Ben Roberts-Smith leaves the Federal Court in Sydney on Thursday, 10 June, 2021.

Ben Roberts-Smith leaves the Federal Court in Sydney on Thursday, 10 June, 2021. Source: AAP

Ben Roberts-Smith has labelled as "ridiculous" claims he killed a captured Taliban insurgent with a prosthetic leg in an SAS operation in Afghanistan in 2009.

Mr Roberts-Smith, 42, is suing the publishers of the Sydney Morning Herald, The Age and The Canberra Times in the Federal Court for defamation over media reports from 2018 that he says paint him as a criminal who breached the moral and legal rules of military engagement.

Australia's most decorated soldier is also suing over reports alleging he assaulted a woman in a Canberra hotel room.

He denies all the claims against him, while the publishers advance a truth defence.

On Thursday, Mr Roberts-Smith was called as the first witness at the trial and was questioned by his barrister Bruce McClintock SC about an SAS operation in April 2009 on a Taliban compound known as Whiskey 108 in Uruzgan province.
The court heard Mr Roberts-Smith, carrying a belt-fed machine gun, was one of several SAS soldiers who entered and cleared the compound after they were requested to assist the Australian infantry in a battle against the Taliban.

After the SAS patrol cleared the building Mr Roberts-Smith spotted outside the compound an insurgent holding a bolt-action rifle.

"I engaged that individual," Mr Roberts-Smith told the court.

He rejected claims he shot the insurgent between 10 and 15 times, saying he fired two rounds and also denied claims that he carried the man, calling that assertion "ridiculous".

He said he later discovered that the killed insurgent had a prosthetic leg, but rejected claims put to him in court that the man had been a "person under control".

"It makes me feel very, very disappointed," he told the court of that claim.

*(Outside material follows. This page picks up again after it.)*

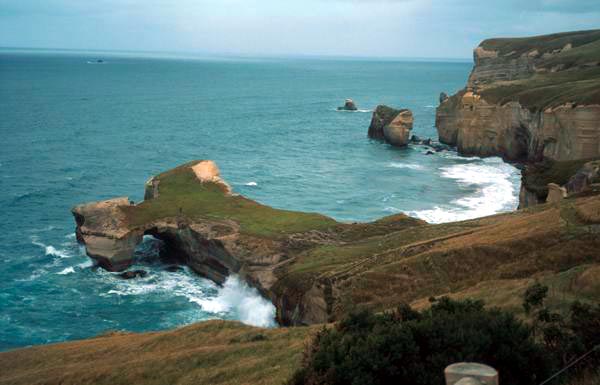 Pobřeží u Tunnel Beach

"That's so far from the truth it's not funny ... it's ridiculous."
Ben Roberts-Smith leaves the Federal Court in Sydney on Thursday, 10 June, 2021.
Ben Roberts-Smith leaves the Federal Court in Sydney on Thursday, 10 June, 2021. Source: AAP
The court heard he later saw another soldier, codenamed person six, take the insurgent's prosthetic leg that was subsequently used as a drinking vessel at the SAS pub in Afghanistan known as the "Fat Ladies Arms".

Mr Roberts-Smith said he never drank from the leg but he didn't have a problem with "gallows humour" as a way for soldiers to desensitise from the horrors "outside the wire".

In his evidence, Mr Roberts-Smith also rejected claims of bullying while in the SAS and denied punching and kneeing an Afghan male in an operation in March 2010.

"Did that happen?" Mr McClintock asked him.

"No," Mr Roberts-Smith replied.

Court was adjourned late in the afternoon when he broke down in tears recounting details of the SAS action at the 2010 Battle of Tizak for which he was awarded Australia's highest military honour, the Victoria Cross.
Earlier in the day, he described claims by the respondents critical of his war service as "devastating".

"I spent my life fighting for my country and I did everything I possibly could to do it with honour," he told the court.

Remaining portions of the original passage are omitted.